As for the jumpiness/inability to clean or cope with responsibilities/increased stress, I would suggest looking into anxiety. It's not uncommon for narcoleptics to experience symptoms of anxiety, especially when they're put under enough pressure --i.e. I didn't think I had anxiety until about a couple weeks ago, right before finals week. I'd already been under a lot of academic stress for a month, which included sleeping about 4hrs/night and working nonstop with no mental breaks like partying or even watching TV, and I finally mapped out on a calendar all of the assignments I had to get done for finals. We have several "reading days" after the end of classes, which allow us to have free time to study and catch up on sleep before taking exams. I realized that all of my professors expected my finals to be due before readings days even begun (ergo before finals week which is ridiculous), meaning I had to skip class just to work on my finals: write 20 pages for English, a test in Russian, write up a presentation in Russian, give that presentation, finish editing a video project, and do readings and watch video lectures for an exam. All while going to classes and turning in "regular homework" assignments for half of them. I lost it.
I'd already experienced non-temperature-induced shivering and being on the verge of a meltdown for a week, but my breathing became erratic and I literally had to go through breathing techniques and then sleep my attack away. To me, these were the key indicators that I had legitimate anxiety, but I was going through other things before my attack.
Because I am new to researching anxiety, I still don't know much about it, but I encourage you to at least check it out. You might be experiencing some of the non-attack symptoms as well.
Posted 15 December 2013 - 10:27 AM
ABitColtish- while you are going through this diagnostic time, I want to offer a few suggestion from my own experience
Regarding ADHD- hold that diagnosis loosely. There is symptom overlap between N and ADHD and both respond to stimulants. They are, however, completely unrelated. It is not uncommon for N to be missed because ADHD seems, at first glass, to be the easiest explanation.
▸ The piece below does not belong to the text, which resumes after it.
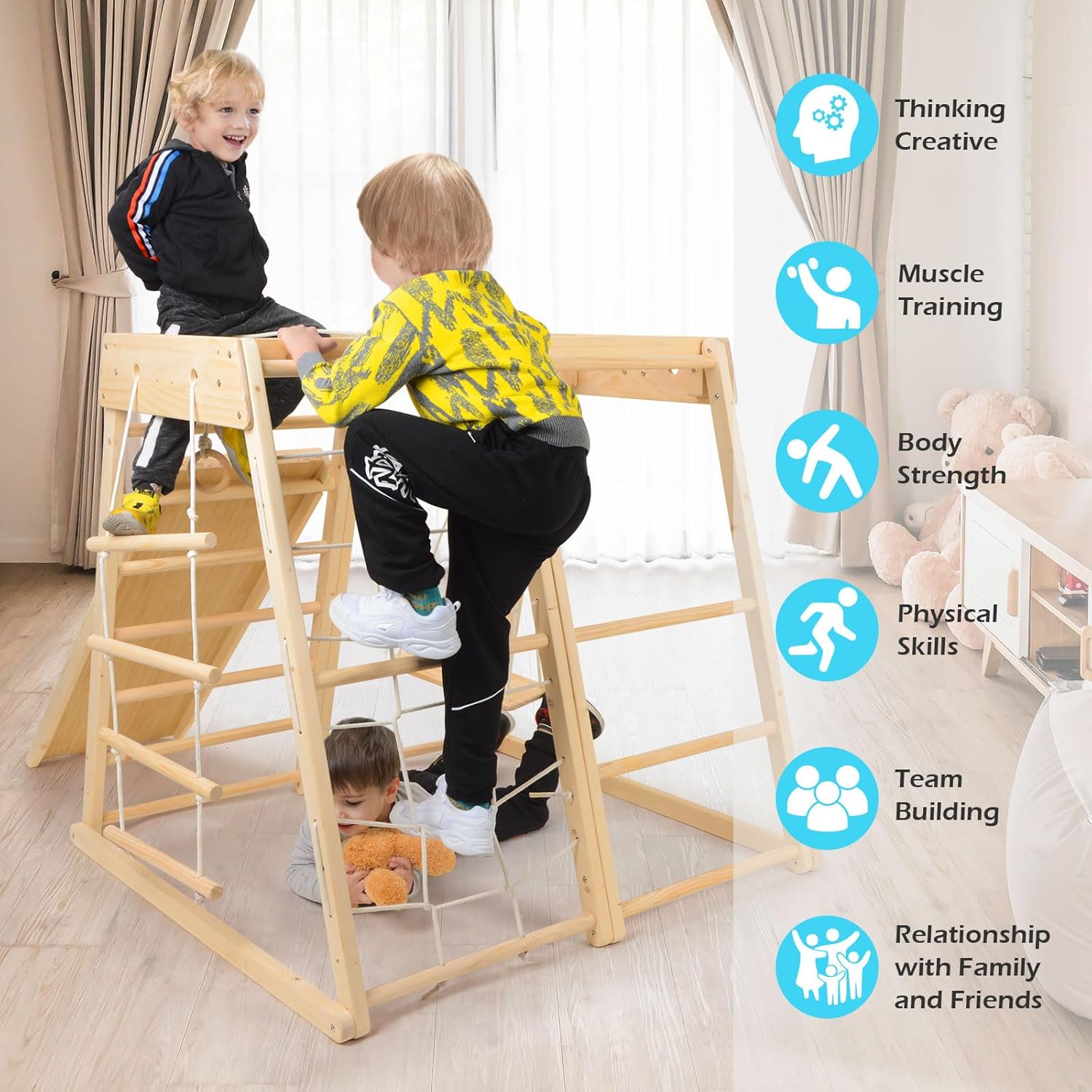 Indoor Playground,Toddler Montessori Wood Playset 9-in-1 with Slide, Basketball, Swing, Jungle Gym, Swedish Ladder, Monkey Bars, Rope Ladder, Rock Wall Dome for Kid Ages 1-6 New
Have you gone through cognitive testing to support your ADHD diagnosis. I ask this because, at one point, I suspected I may have ADHD. My family doc started me on Adderall which made a big difference. I was then sent for cognitive testing which did not support a dx of ADHD. But just based upon clinical symptoms, ADHD seemed like an easy explanation.
It is not uncommon for people with N to receive multiple diagnoses before receiving the correct diagnosis of N. For example, some of us have been suspected of having: Depression; Anxiety; ADHD. For those suspected diagnoses, we have then often been prescribed Antidepressants and Stimulants. When we get relief from those medications, that relief becomes proof that the diagnosis was correct because the treatment worked.
I hope for you, during this time, that you can focus on the symptoms that you experience, rather than attributing those symptoms to an illness you may or may not have.